A ‘New’ Way to Cook Rice

Cooking easily digestible rice led me to a struggle with my Lagostina pressure cooker, which I described in an earlier post http://115journals.com. I seem to have found a solution in a ‘new’ method, which turns out to be anything but new and apparently Persian.

A friend sent me a copy of a recipe she found in the Los Angeles Times by Russ Parsons – ‘Back to the basics of rice’http://www.latimes.com. Parsons cites a cookbook by Yotan Ottolenghi as his source. Once I began talking about it to other cooks, I discovered they were already using this method and, indeed, I came across recipes for other grains using the same method.

Basically, there are 4 steps. First, the rice is washed and soaked for at least an hour in salted water. Second, it is cooked in a large amount of water like pasta until it is almost done. Third, it is drained and set on the lowest heat with a tightly fitting lid for 35 minutes. (Note that Parsons recommends sprinkling a few tablespoons of water and/or oil over the drained rice, which he mounds, so that it does not get too dry.) Finally, it is removed from the heat, the lid taken off, the pot covered with a tea towel, the lid replaced and allowed to sit for 10 minutes.

I had to experiment three times before I got what I wanted. The first few times were edible but not as delicious as the 4th batch. I soaked my short grain brown rice 24 hours for easier digestion. The hard part was getting it nearly done in the ‘pasta’ step. It took much longer than white rice or even basmati. It is taking about 20 minutes. The low heat or steaming stage also took some experimentation. At first the lowest setting on my stove proved to be too high. Parsons recommends a heat diffuser but kitchen suppliers just stared blankly when I asked for one. I couldn’t even find one on-line. But hail to Lagostina. My heavy bottomed pressure cooker proved to be just the thing – a built in heat diffuser, especially since its lid sealed nicely. Of course, I didn’t choose the pressure setting.

The goal, according to Pasons, is to produce ta-dig, ‘a crisp crust of browned rice that forms on the bottom of the pan’. I have achieved that once or twice.

What I like about this method is that the individual rice grains retain their integrity so-to-speak. My old method of using a measured amount of water in an Ohsawa pot in the pressure cooker produced a mushy rice that I would not have served guests or taken to a potluck dinner. Yet, with the increased soaking time, it proved to be digestible.
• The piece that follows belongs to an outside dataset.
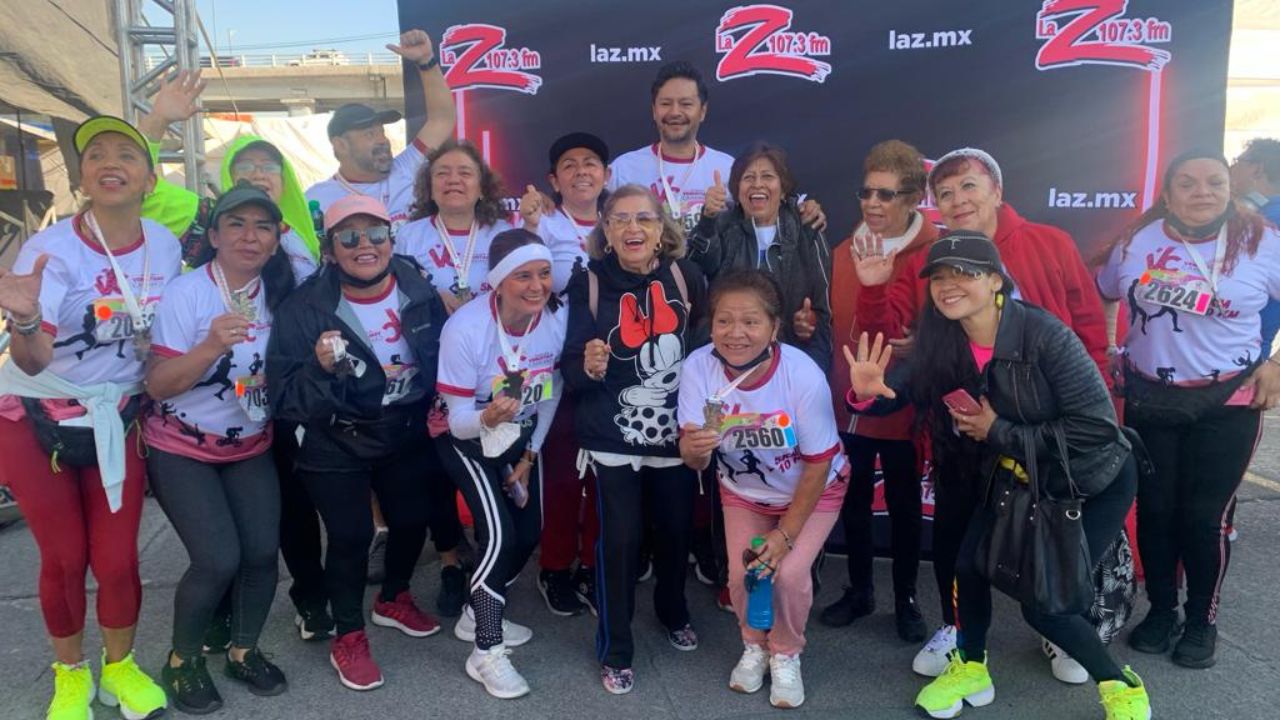 14 Carrera Internacional en la Alcaldía Venustiano Carranza con los Rezidentes de la Z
Parsons includes a recipe for a pilaf he calls muceddere which is made with basmati rice, lentils, chick peas, and tomatoes. I made a double batch and took it to one potluck lunch and was only briefly taken aback when an Iranian woman about my age -that is a cook of many years – helped herself to it. She didn’t comment but at least the vegetarians enjoyed it. I also tried the recipe using dates and almonds but preferred the muceddere.